Source material:

BEGIN

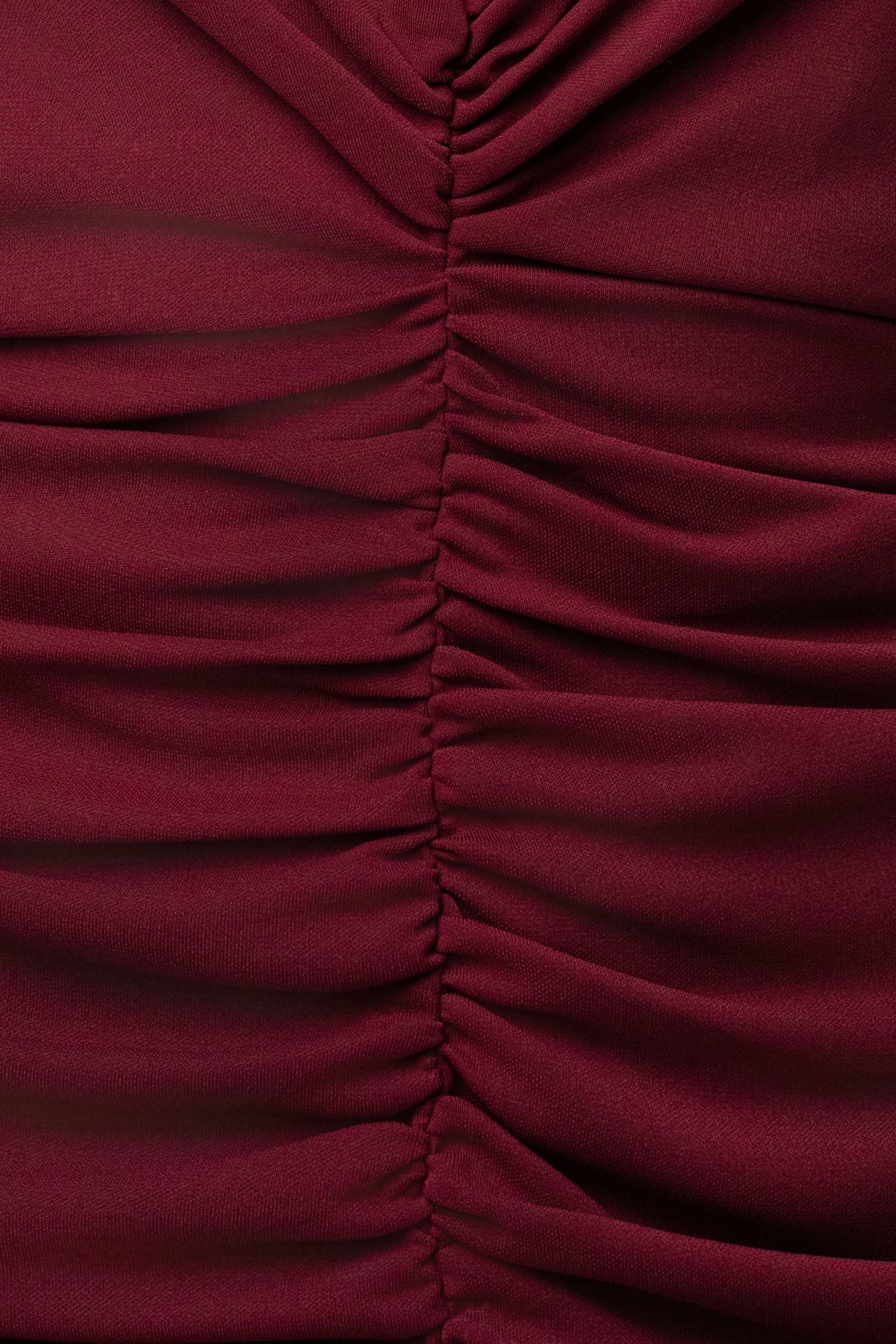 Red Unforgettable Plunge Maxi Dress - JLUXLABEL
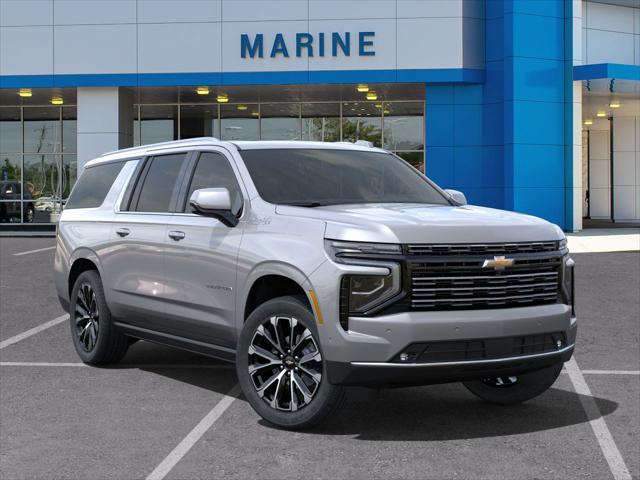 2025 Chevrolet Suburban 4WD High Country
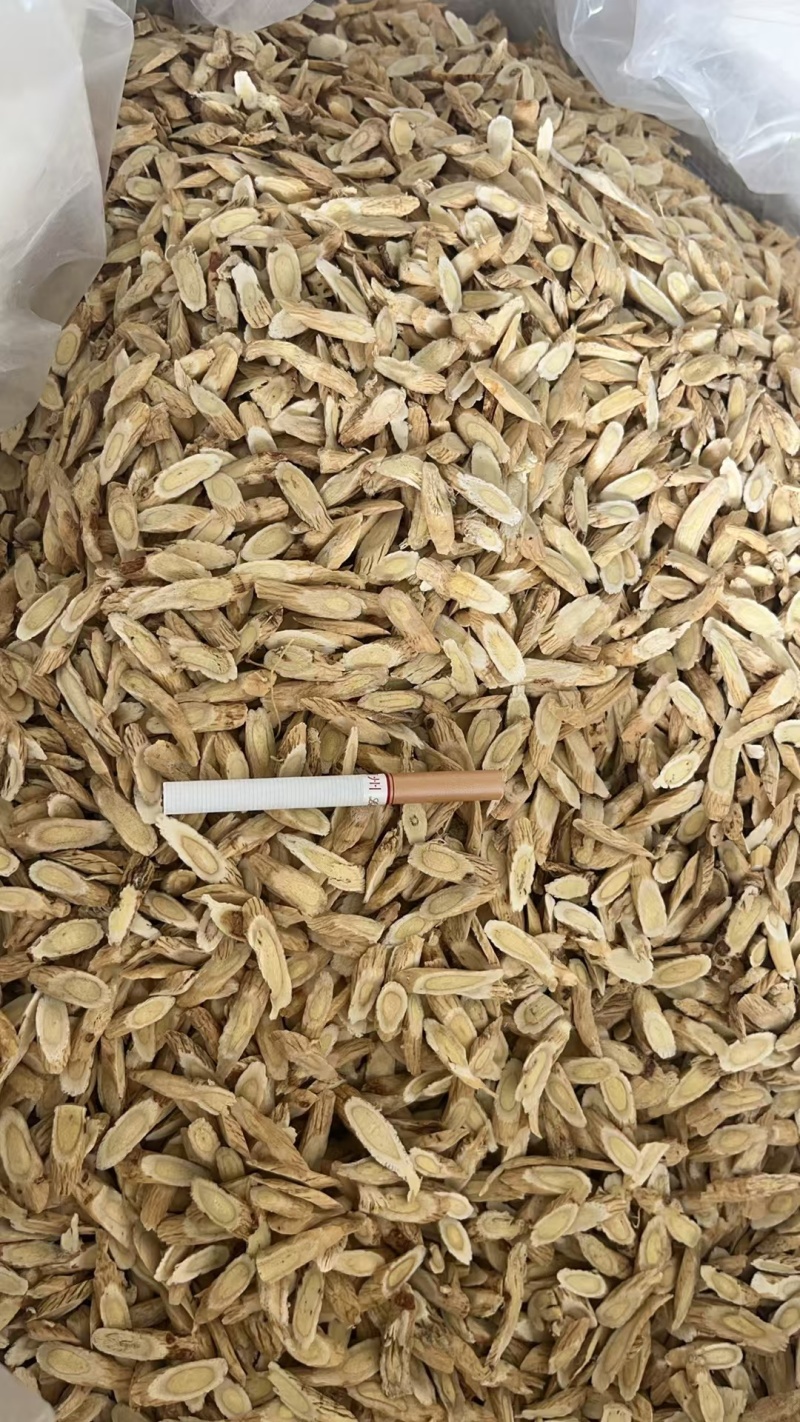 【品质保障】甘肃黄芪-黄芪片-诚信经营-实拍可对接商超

END

Instructions for the task: Write out every line above exactly as it is, leaving out the pictures.

Written solution:
 Red Unforgettable Plunge Maxi Dress - JLUXLABEL
 2025 Chevrolet Suburban 4WD High Country
 【品质保障】甘肃黄芪-黄芪片-诚信经营-实拍可对接商超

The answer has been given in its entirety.